Qu'elle soit ou qu'elle ne soit pas dite sur le ton de la plaisanterie, cette réflexion est symptomatique du regard que les Français portent sur les Etats-Unis. Car pour ce qui est des relations diplomatiques entre la France et les Etat-Unis, elles relèvent le plus souvent du je t'aime moi non plus. Si la France a bien aidé les Etats-Unis à conquérir leur indépendance, c'était avant tout pour faire la nique aux Anglais.
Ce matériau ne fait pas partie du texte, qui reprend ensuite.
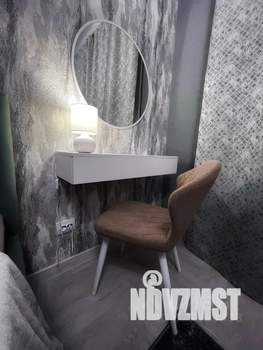 1-к квартира, посуточно, 46м2, 15/15 этаж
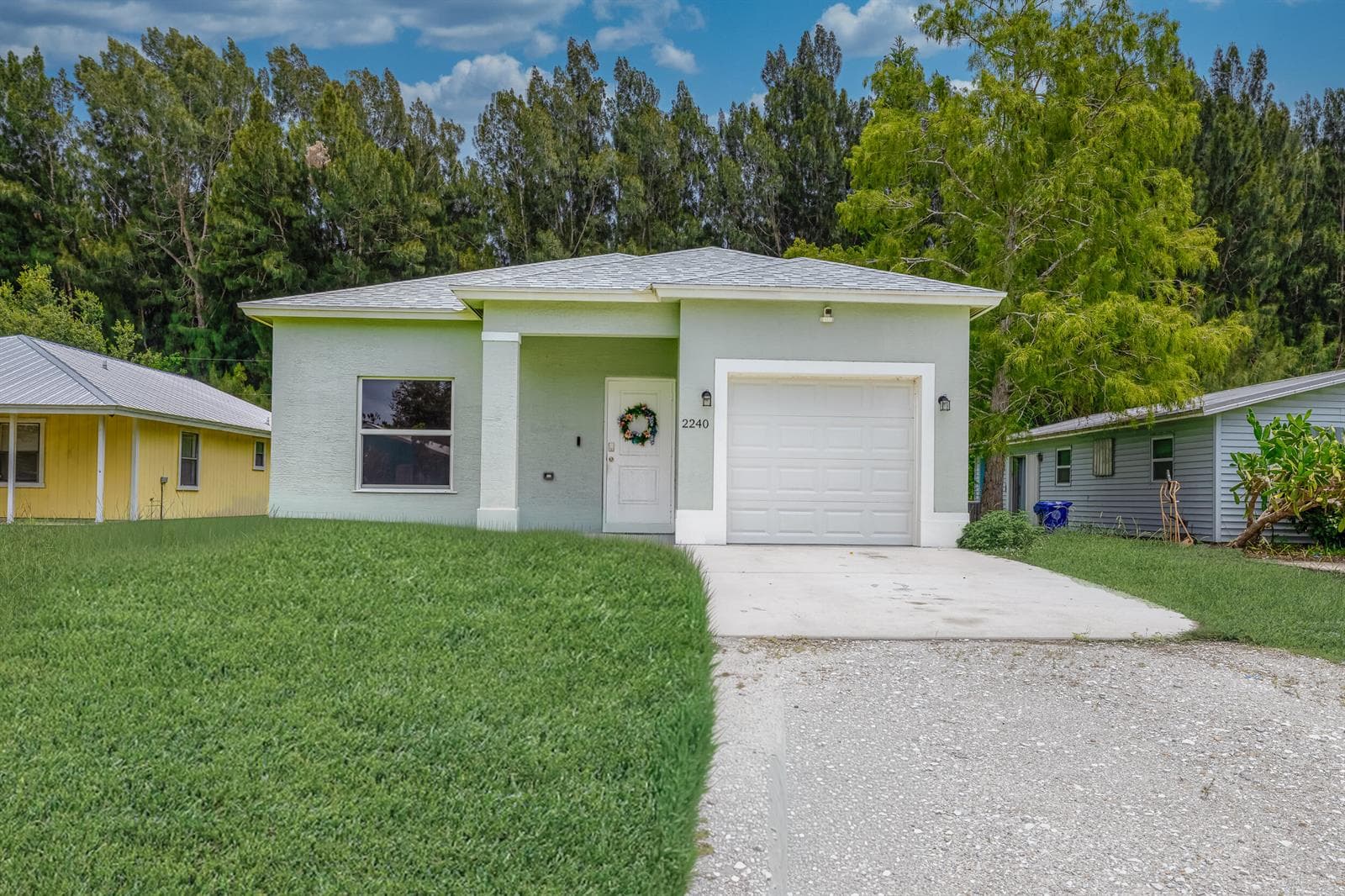 2240 84th Court, Vero Beach FL 32966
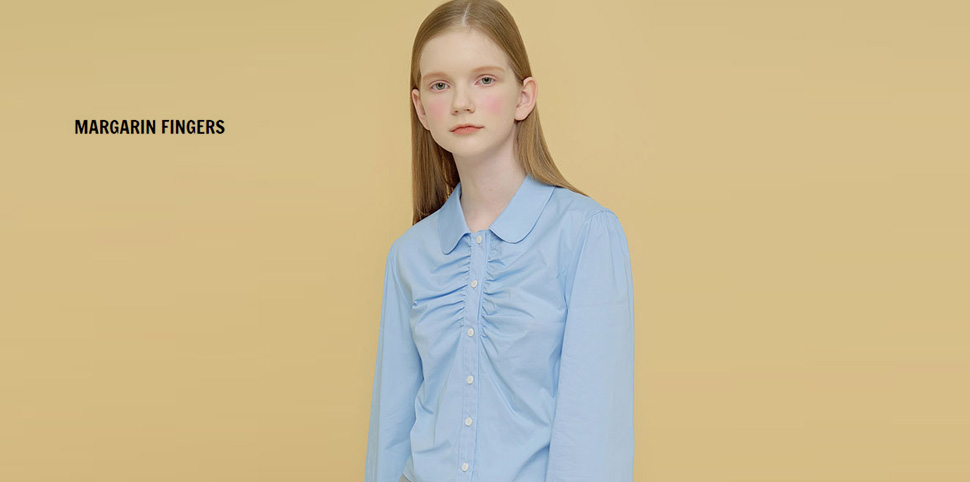 Margarin Fingers女装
La capitulation de Yorktown, ville jumelée avec Port-Vendres dans les Pyrénées-Orientales, assiégée par l'armée franco-américaine sous les ordres de Washington et de Rochambeau, capitulation donc rendue possible par la victoire navale remportée sur les Anglais dans la baie de Chesapeake, le 5 septembre 1781, par le comte de Grasse, La Fayette, l'Hermione, voilà quelques noms qui fleurent bon la présence française aux Etats-Unis. L'influence française y est encore bien visible : La capitale Washington DC a été construite selon les plans de l'architecte français Pierre Charles L'Enfant, La Nouvelle-Orléans a été fondée en 1718 par Jean-Baptiste Le Moyne, sieur de Bienville, sans parler de toutes ces villes qui portent des noms français comme Lafayette bien sûr (une quarantaine de villes aux Etats-Unis portent ce nom), mais aussi Baton Rouge, Abbeville, Charenton, Maurepas, Fond du Lac, etc. Mais les Etats-Unis seront répertoriés dans la nomenclature du ministère français des Affaires étrangères sous la rubrique des "pays divers" jusqu'en 1909, jusqu'à ce qu'un ancien locataire du Quai d'Orsay dans les années 1894-1898, Gabriel Hanotaux, crée le Comité France-Amérique dont la principale mission était de mettre en lumière auprès des dirigeants français l'importance et l'influence des Etats-Unis dans le monde.           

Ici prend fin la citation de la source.